The Federal Tax Ombudsman (FTO, ) evaluates complaints against federal tax agencies. Article 37 of the Constitution of Pakistan calls for inexpensive and expeditious justice. The Federal Tax Ombudsman Ordinance of 2000 and the Federal Ombudsman Institutional Reforms (FOIR) Act of 2013 confer powers, including administrative and financial autonomy. This aligns with the separation of Pakistan's judiciary and executive branches in accordance with the Constitution.

History 
The Federal Tax Ombudsman (FTO) office was established in 2000. It was mandated to respond to, find, and rectify maladministration by revenue agencies.

Institution of Ombudsman in Pakistan 
In Pakistan, the establishment of an Ombudsman institution was advocated in Article 276 of the Interim Constitution of 1972, which provided for the appointment of a Federal Ombudsman and Provincial Ombudsmen. The Constitution of 1973 provided for the establishment of Federal Ombudsman, and the institution was eventually created through the Establishment of the Office of Wafaqi Mohtasib (Ombudsman) Order of 1983, which was the President’s first order of 1983.

On 8 August 1983, the Ombudsman began functioning.
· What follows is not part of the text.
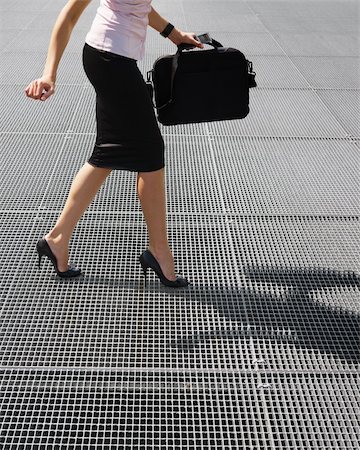 side view of business woman balancing on high heels. Copy space Stock Photo - Budget Royalty-Free & Subscription, Code: 400-04132422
Other Ombudsman institutions in Pakistan include Provincial Ombudsman offices in Khyber Pakhtunkhwa, Punjab, Baluchistan, Sindh, and Azad Jammu and Kashmir; Federal Banking Ombudsman; Federal Insurance Ombudsman; Federal Tax Ombudsman; Federal Ombudsman for Protection of Women against Harassment at Workplace; and Provincial Ombudsman for Protection of Women against Harassment at Workplace in Punjab and Sindh. All Ombudsmen institutions informally collaborate through the Forum of Pakistan Ombudsmen (FPO). They are also affiliated with the Asian Ombudsman Association (AOA), the International Ombudsman Institute (IOI), and the OIC Ombudsman Association.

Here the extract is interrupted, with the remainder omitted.